ML Ops with GitHub Actions, DagsHub and AWS EC2 Instance

DagsHub + Actions + EC2

This repository can be used for easily setting up a data science or machine learning project with automated training and deployment using GitHub Actions, DagsHub and AWS EC2.

Main Concepts Covered

The following concepts are automatically performed using Github Actions and DagsHub.

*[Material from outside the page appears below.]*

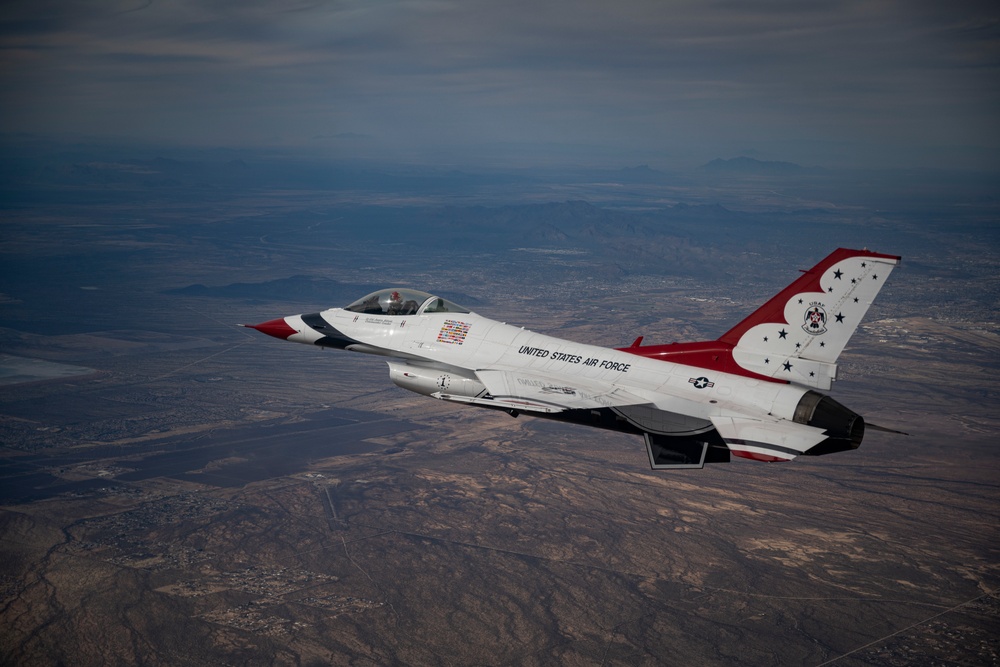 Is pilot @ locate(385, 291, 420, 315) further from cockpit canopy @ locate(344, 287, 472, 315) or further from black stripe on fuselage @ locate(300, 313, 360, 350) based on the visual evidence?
black stripe on fuselage @ locate(300, 313, 360, 350)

  • Automatically pull and process data from Github using Pandas and Python.
  • Train your model and track experiment with MLFlow and SKlearn.
  • Validate the model and save the serialized model and metadata to DVC on DagsHub.
  • Deploy your model to AWS EC2 instance.
  • Monitor the metrics with MLFlow.
  • Retrain if necessary.

MLOps Workflow

Getting started

1. Prerequisites

Platforms

The following prerequisites are required to make this repository work:

Other ressources

  • Python 3.9.1
  • DVC 2.11
  • You can find all the additional information in the requirements.txt file

Main Components of Github Actions

GitHub Actions contains five main components as shown below.

GitHub Actions Components

Results On DagsHub

DagsHub provides the capabilities to use MLFlow and DVC while giving the choice of working on Github. The following results are the experiments from DagsHub, using MLFlow to track the model F1-Score, Precision and Recall.

Experiment on DagsHub

Github Actions Experiment

The following animation corresponds to the execution of the pipeline using Github Actions from Data Extraction to Model Training.

Github Actions Experiment

Test App deployed on EC2

This is the final result after the model is deployed into productiion.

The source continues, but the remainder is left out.